Les deux autres chapitres de l'essai explicitent la vision religieuse du monde à partir de cette architectonique. La nature entière des sphères ouraniennes aux eaux de la mort, des enfantements de la vie à la paresse des astres est emprisonnée dans les rêts d'une parole rituelle qui la fonde et la rend signifiante. Le monde parle aux consciences religieuses parce qu'il est, pour elle, créé et que tout geste sacré, toute parole sacrale, vise à réitérer cette création. En prenant pour exemple les "sites parfaits", ces jardins qui furent la passion des taoïstes chinois du XVIIe siècle. Eliade montre comment s'est désamorcée et défaite cette vision "en miroir" de la nature sacrée. La vie humaine dans son accomplissement est pensée et sentie par l'homo religiosus selon la même structure. Elle est comme l' espace, le temps et la nature morcelée: elle a ses fêtes, ses mythes, ses seuils. Une brève phénoménologie des rites de passage et des initiations à la sexualité, à la mort et au sacré suffit à illustrer ce point.

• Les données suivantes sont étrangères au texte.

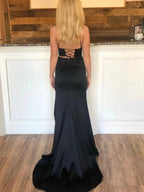Two Pieces Mermaid V Neck Satin Black Long Prom Dresses with High Slit by BIZTUNNEL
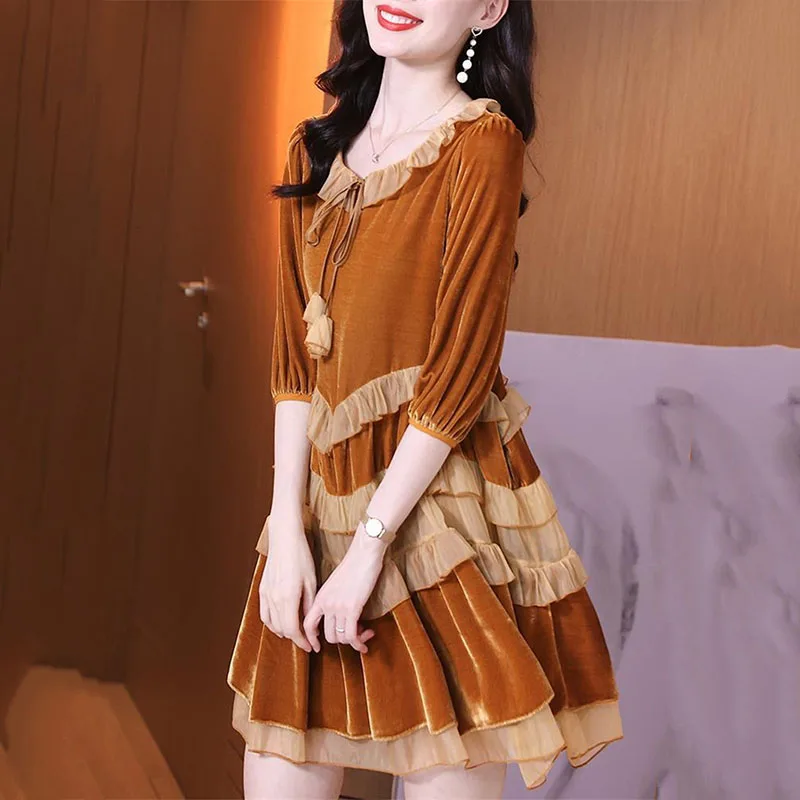 

Fashion Vintage Lotus Leaf Collar Tie Dress 2024 New Spring Autumn Clothing Women's Dresses Vestidos A-Line Elegant Ladies Dress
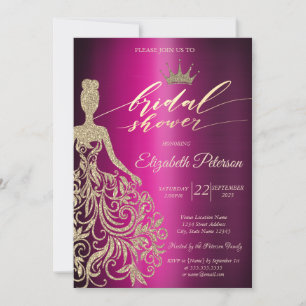 Invitation Robe à paillettes, Diadème, Robe de douche de mari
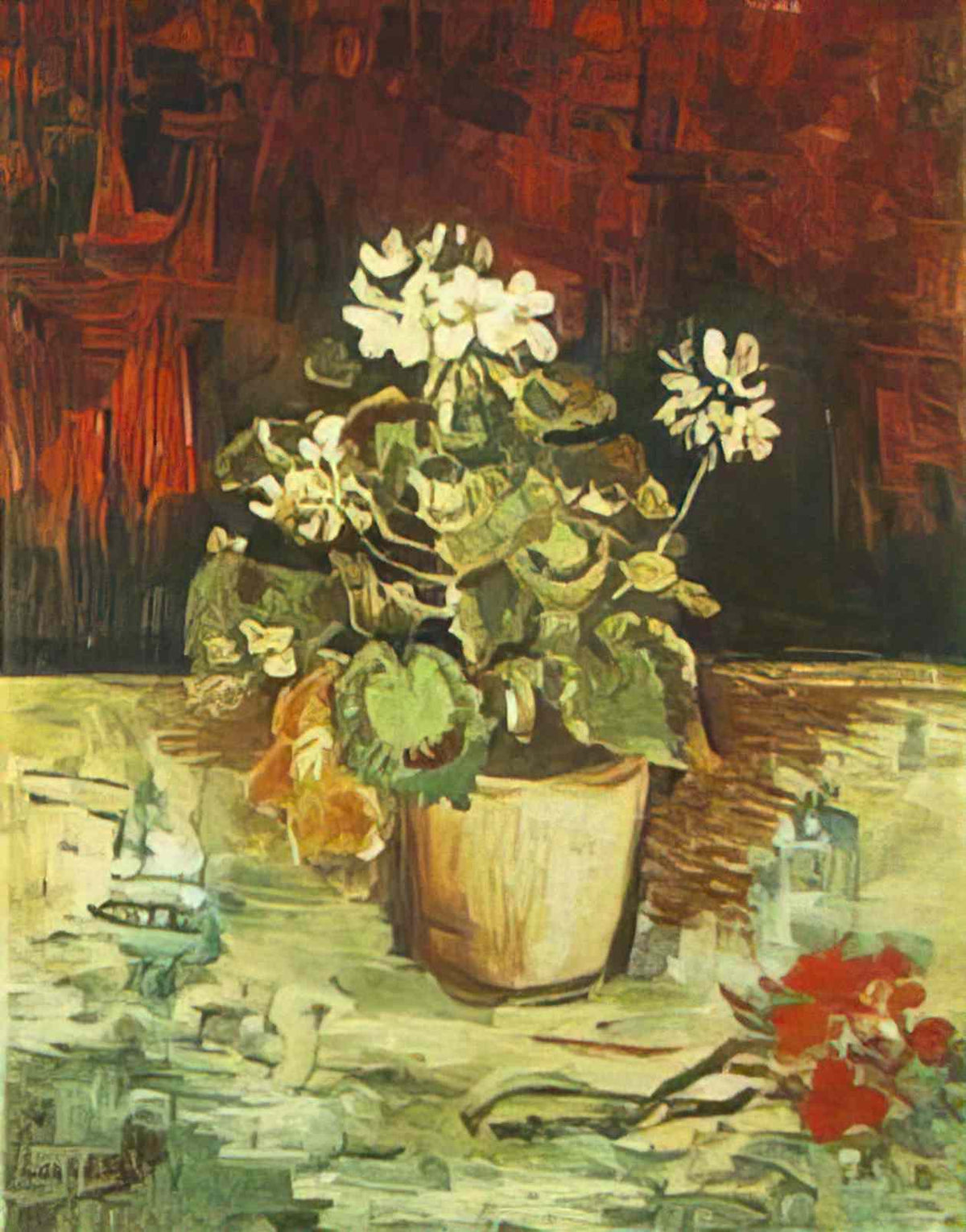 van gogh geranium in a flowerpot 1886 Art A4 Photo Print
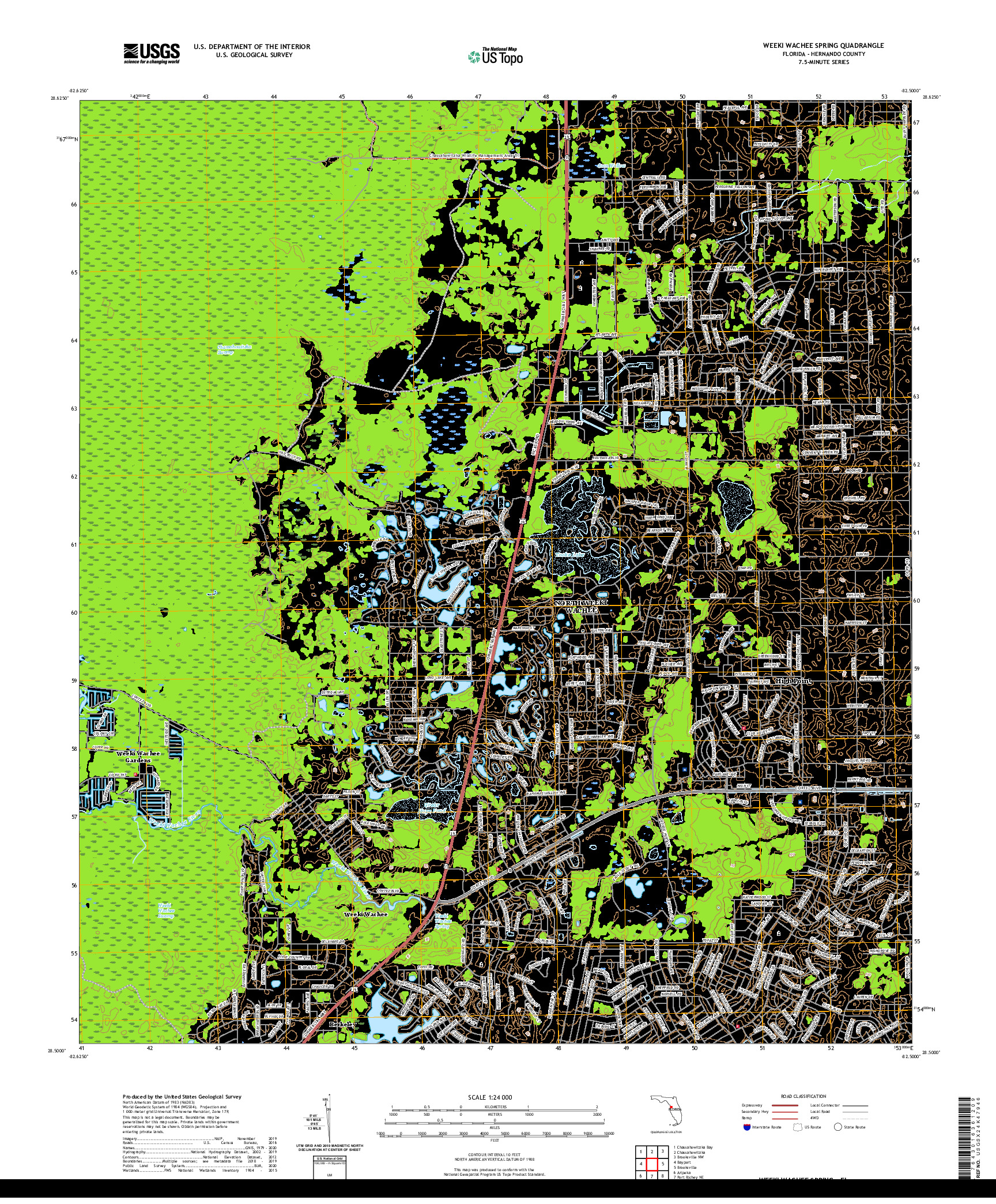 USGS US TOPO 7.5-MINUTE MAP FOR WEEKI WACHEE SPRING, FL 2021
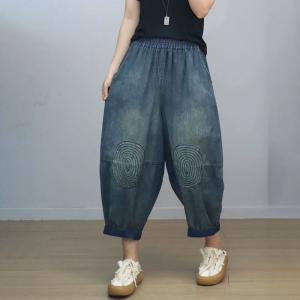Embroidered Patchwork Baggy Carrot Jeans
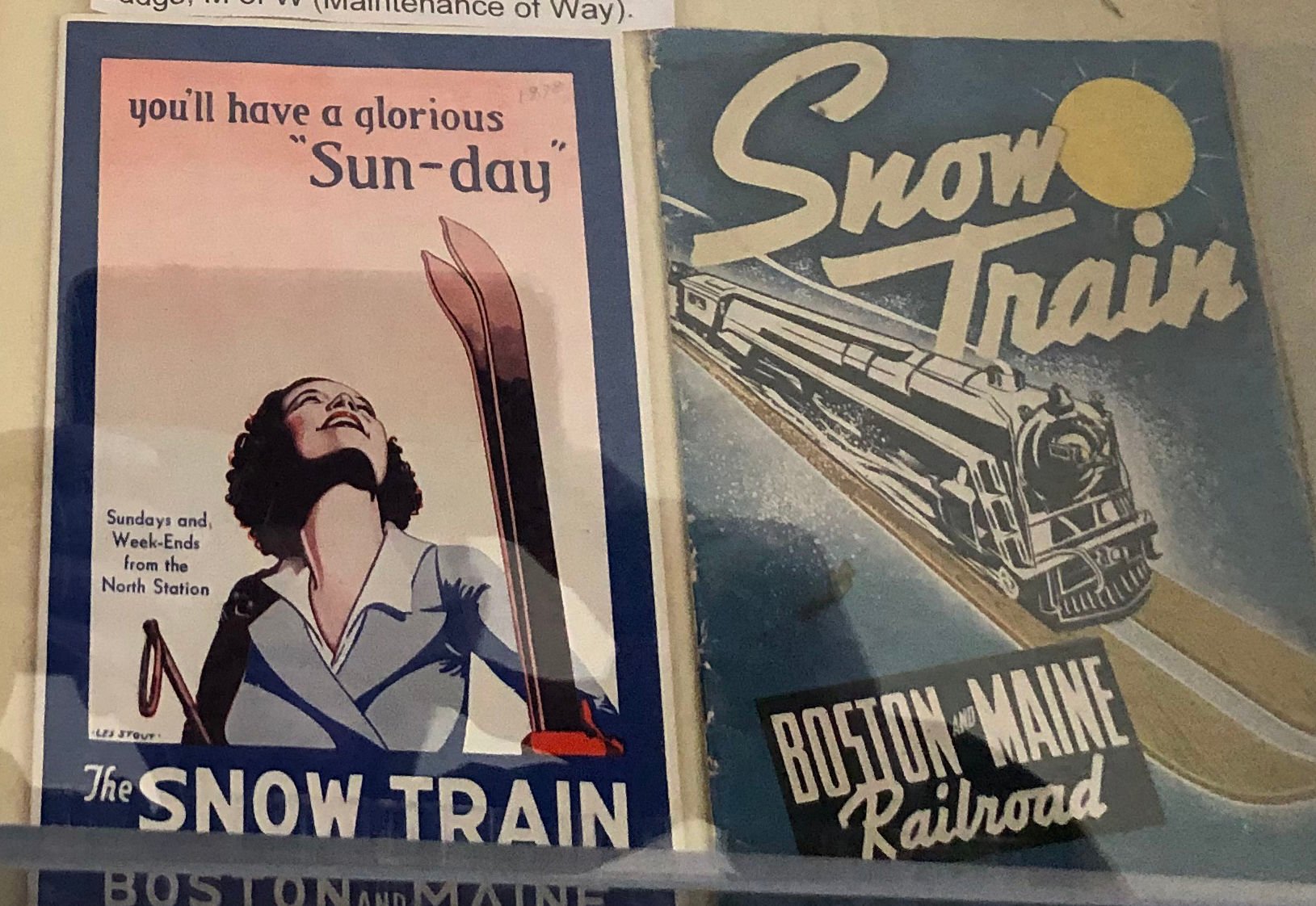 All Fun Boston & Maine Snow Train Vintage Railroad Travel Advertisement Poster 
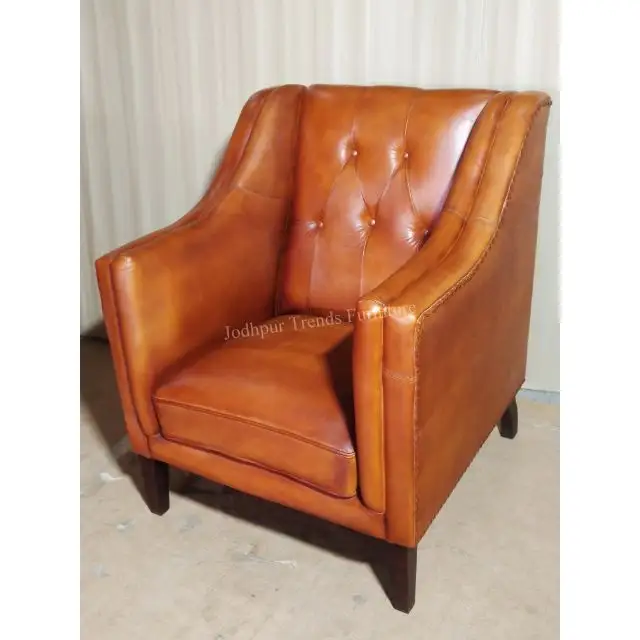 Poltrona de couro Chesterfield, sofá, cadeira de 1 lugar, moderno, marrom, azul, de alta qualidade, para lazer, hotel, sala de estar, venda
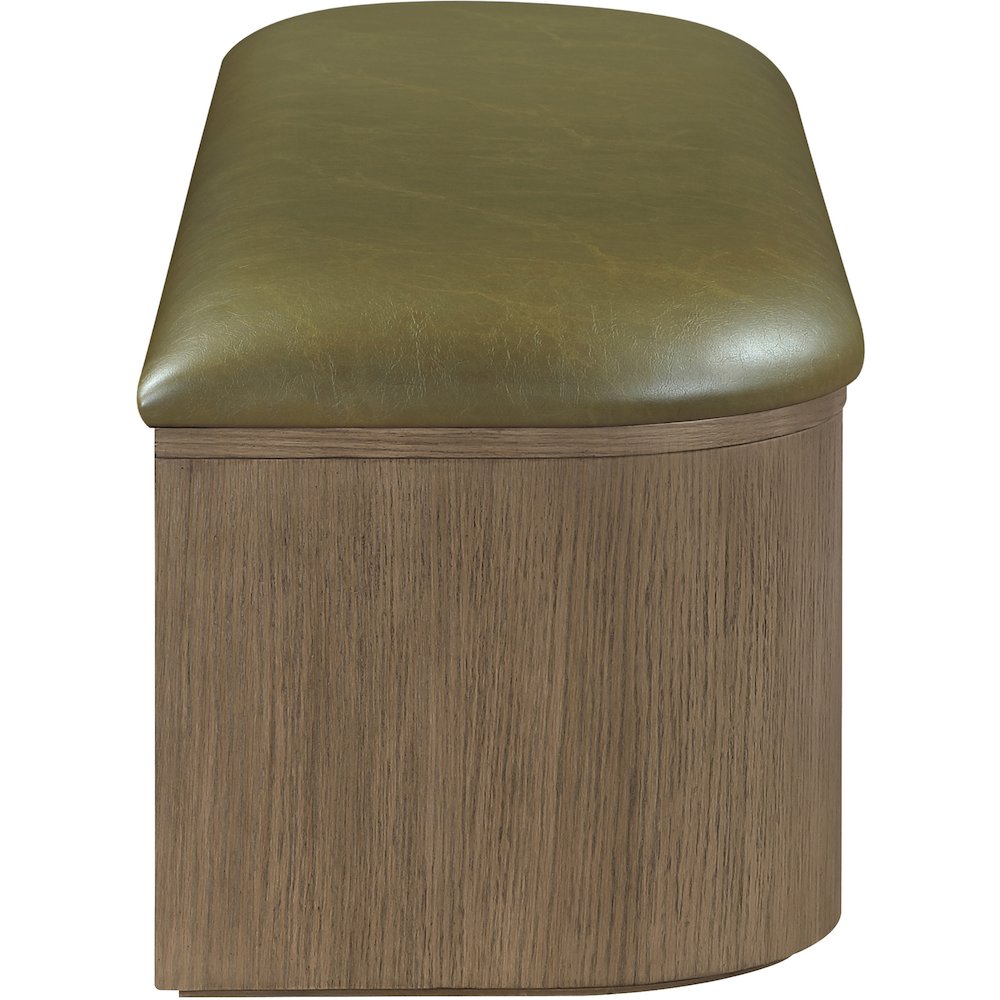 Velden Olive Vegan Leather Upholstered Storage Bench. Picture 6
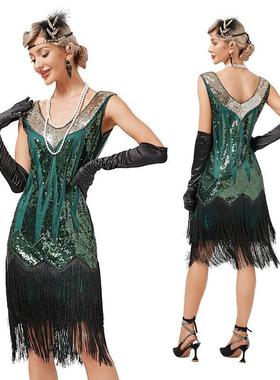 Women 1920s Dress Sequins Fringed Evening Flapper dress 礼服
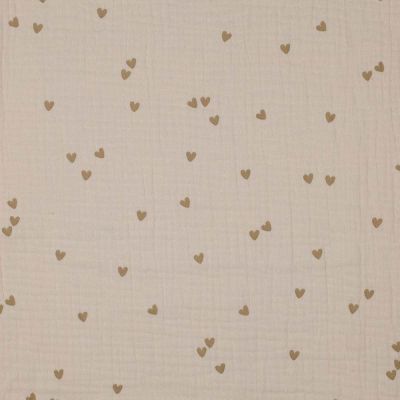 Tissu Double gaze Petits coeurs beige foncé sur fond Beige - Par 10 cm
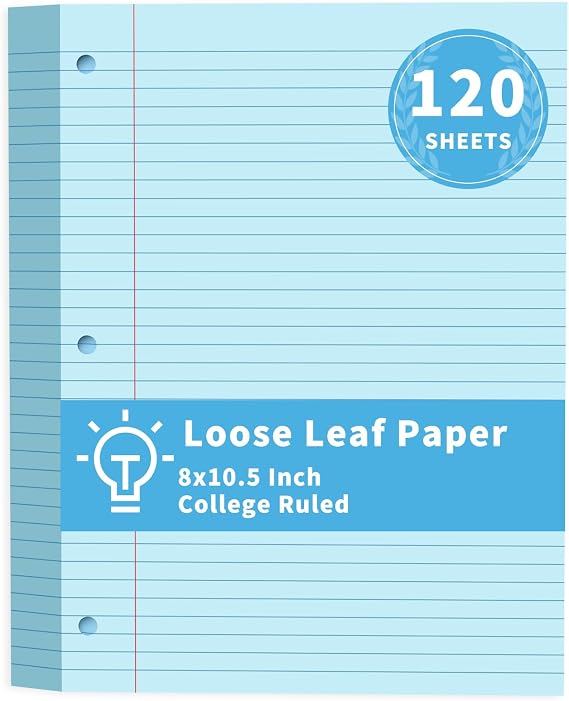 Blue Loose Leaf Paper 120 Sheets Filler Pape 8" x 10.5" College Ruled Paper
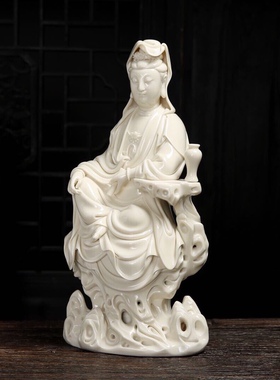 陶瓷摆件《坐岩自在观音菩萨像》王秋芳雕塑观世音菩萨佛像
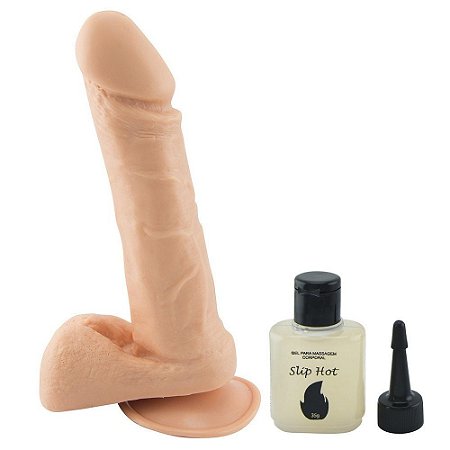 Kit Prótese Ejaculador com escroto16 X 3,5Cm Com Lubrificante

Pour conclure, Eliade s'interroge sur la seconde opposition du sacré et du profane: non plus celle qui, pour la conscience religieuse, fonde le monde et la vie mais celle qui différencie comme deux modes de l'être-au-monde la conscience religieuse et la conscience profane. Pour la conscience profane le sacré est conçu comme obstacle à la liberté mais l'homme moderne est-il vraiment profane? Peut-être pour le savoir devrait-on concevoir une histoire de la religiosité. Conçue et vécue pour elle-même et en elle-même, elle devient ensuite figure de la conscience déchirée pour être aujourd'hui "oubliée"; cela ne signifierait nullement sa disparition mais plutôt qu'elle parlerait aujourd'hui à travers les théologies de la mort de Dieu et dans l'insignifiance de la vie journalière, le langage de l' inconscient.